Das Sängerensemble hinterließ insgesamt einen sehr guten Eindruck, mit einigen Abstrichen. Natürlich brillierte die bewährte Nina Stemme mit der Brünnhilde, auch wenn hier und da doch kleinere Unebenheiten wie Tonverschleppungen zu hören waren. John Lundgren war ein guter Wotan, aber nicht mehr. Der Stimme fehlt es an Resonanz und bassbaritonaler Färbung, so wichtig gerade für die „Walküre“. Man denke nur an Hotter, London, Stewart, Adam, Morris et al. Immerhin sind wir an der DOB. Lise Davidsen sang eine stimmstarke, für meine Begriffe aber zu metallische und auch deshalb zu wenig empathisch klingende Sieglinde. Ihrer Stimme fehlt es an Wärme, die man beispielweise bei Elisabet Strid vernimmt. Eine sehr gute Leistung brachte Brandon Jovanovich. Optisch ist er ein idealer kämpferischer Siegmund und stimmlich entsprach sein Vortrag mit heldentenoralem Aplomb genau diesem Bild, nicht immer ganz stimmschön. Annika Schlicht sang als Fricka zu facettenarm. Die Rolle liegt scheinbar über ihrem Fach. Darstellerisch musste sie wieder einmal die klassische Furie geben. Andrew Harris war ein stimmlich weitgehend überzeugender Hunding, wenn auch ohne jede angsteinflößende schwarze Bassgewalt. Darstellerisch wirkte er eher wie ein Hausmeister, wobei ihm zu Beginn des 2. Aufzugs aber auch übel mitgefahren wurde. Das Walküren-Oktett sang bei den chaotischen und skurrilen Regieanweisungen weitgehend homogen. Flurina Stucki war Helmwige, Aile Asszonyi Gerhilde, Antonia Ahyoung Kim Ortlide, Irene Roberts Waltraute, Ulrike Helzel Siegrune, Karis Tucker Roßweiße, Nicole Piccolomini Grimgerde und Beth Taylor Schwertleite.

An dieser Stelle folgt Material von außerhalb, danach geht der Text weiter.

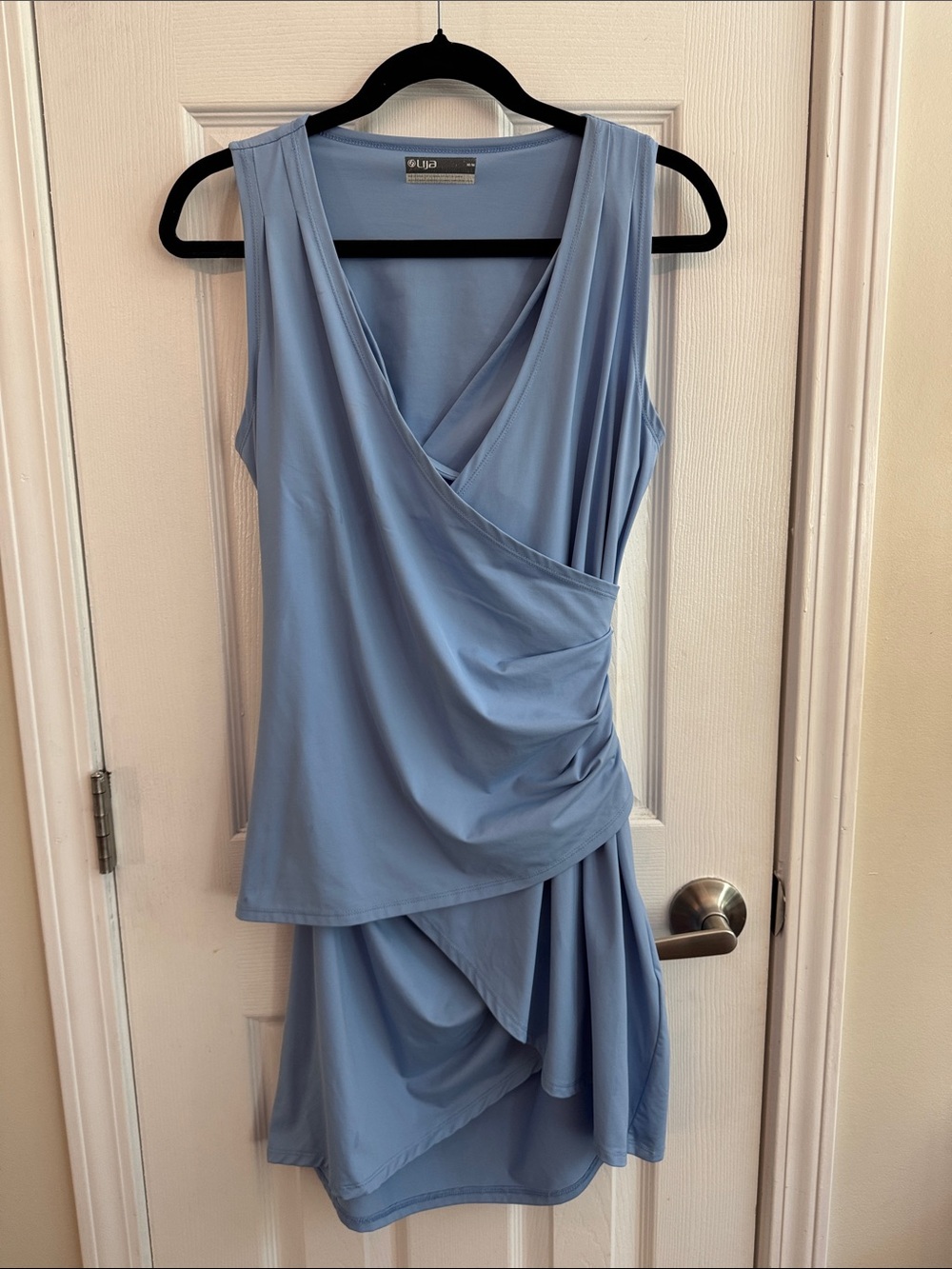 LIJA Sleeveless Faux Wrap Athletic Tennis Golf Dress Blue Size Medium
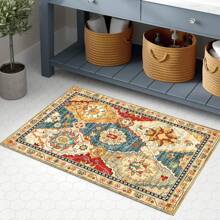 Washed Fabric Foldable Faux Wool Area Rug, Retro Nordic Style Large Living Room Carpet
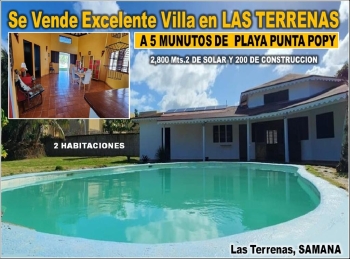 vendo excelente villa en las terrenas a 5 minutos playa punta popy 2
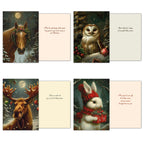 Three open greeting cards, displaying their front designs and inside greetings. The cards feature a horse with a winter wreath, an owl perched in a snowy tree, and a moose with decorated antlers. Messages convey wishes for peace, joy, and a happy holiday season.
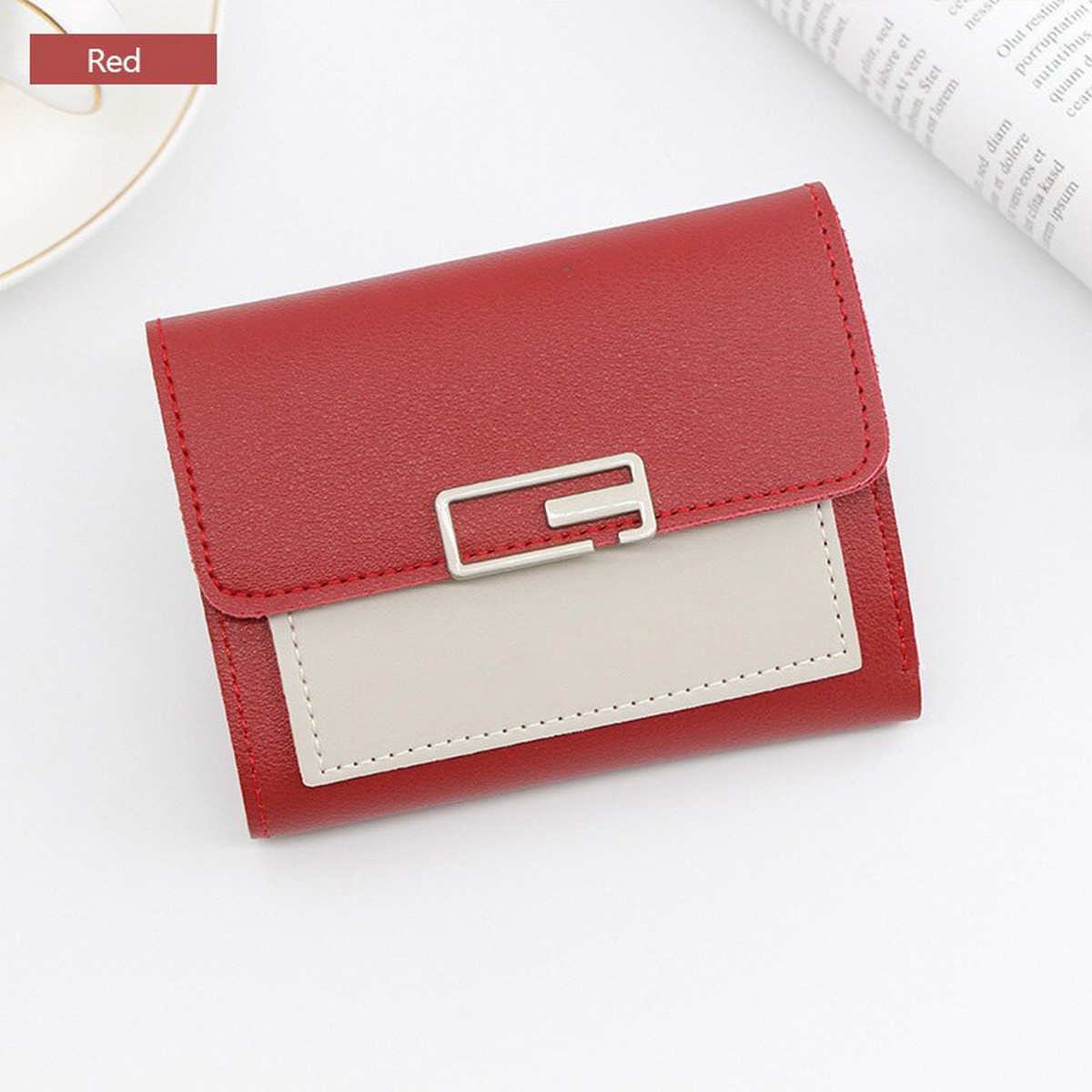 Fancy Small Hand Clutch for Girls, Compact PU Fabric with 7 Card Slots, Button Closure, Trendy Design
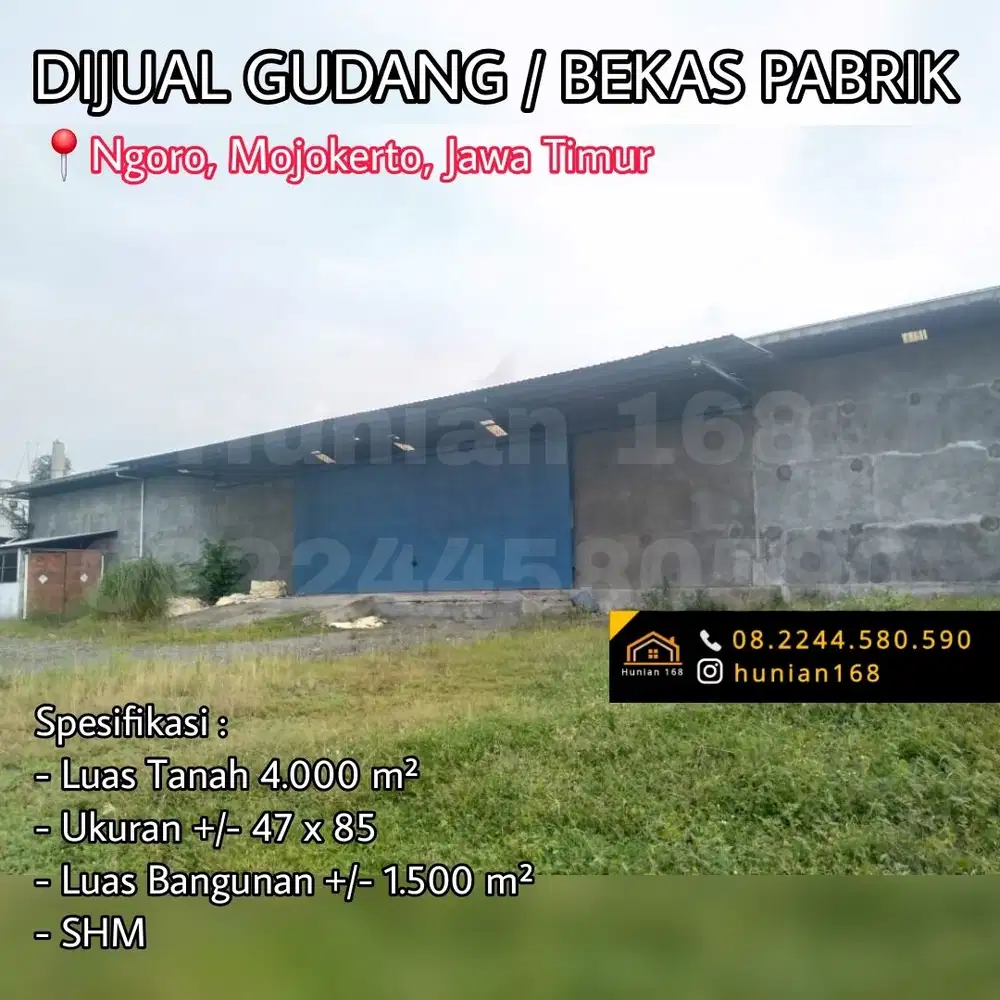 Gudang Bekas Pabrik Raya Ngoro Industri Industrial Park NIP Mojokerto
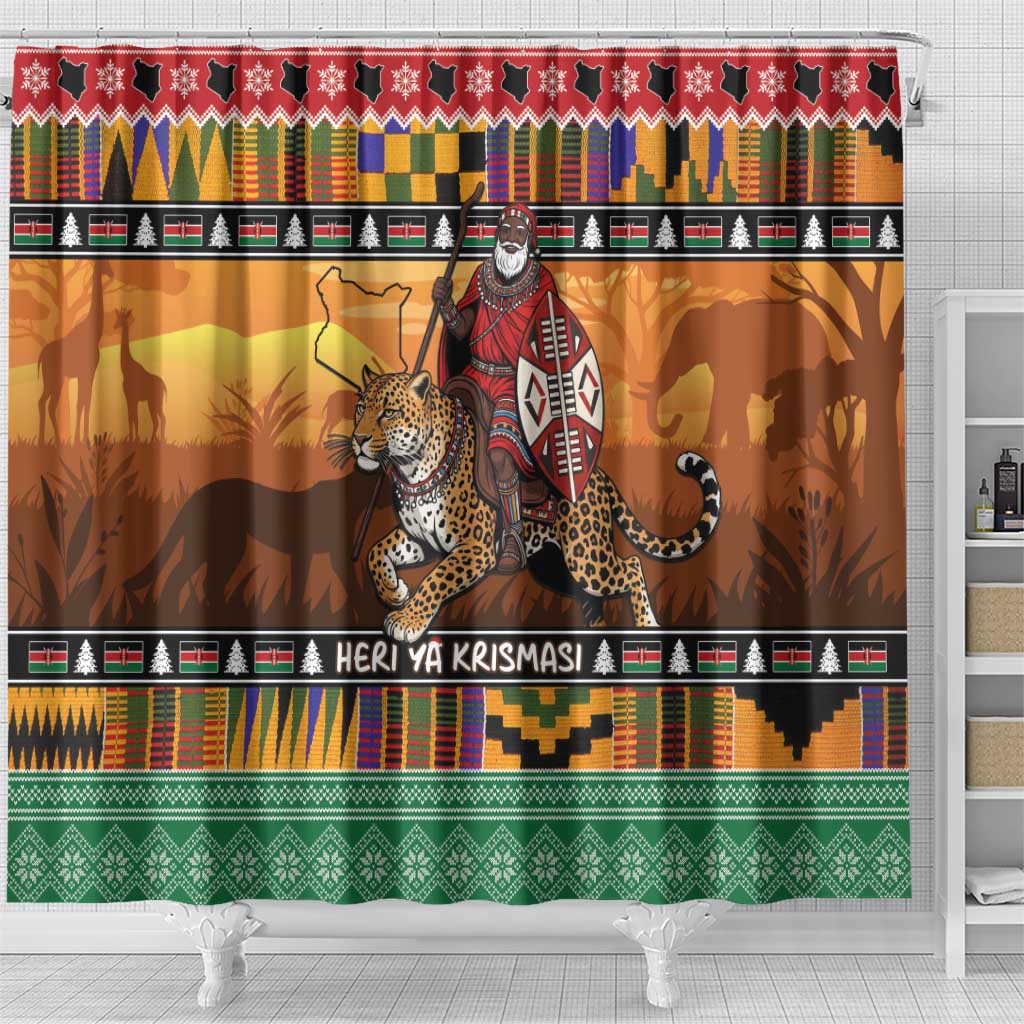 Kenya Safari Christmas Shower Curtain Black Santa Riding Leopards - Heri ya Krismasi - Wonder Print Shop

John Lundgren (Wotan). Foto: Bernd Uhlig

Donald Runnicles dirigierte das Orchester der Deutschen Oper Berlin mit seiner großen „Ring“-Erfahrung für die Art und Weise, was auf der Bühne abging, etwas zu zurückhaltend. Der eine oder andere orchestrale Schwerpunkt hier und da hätte die musikalische Spannung sicher erhöht, die beispielsweise während der Todverkündigung im 2. Aufzug fast ganz verloren ging. Am besten gelangen die zärtlichen Momente zwischen Siegmund und Sieglinde im 1. Aufzug bei einer insgesamt dem generell hohen Niveau des Hauses entsprechenden Gesamtleistung. Sprühende musikalische Funken entstiegen dem Graben diesmal nicht. Es gab sie stattdessen in oft zu hohem Maße eine Etage höher. Von den 1.860 Plätzen waren wegen der Corona-Hygieneauflagen nur knapp 800 besetzt, sodass der Applaus auch in seiner Stärke begrenzt blieb. Für das Regieteam um Stefan Herheim gab es auch erhebliche Buhrufe.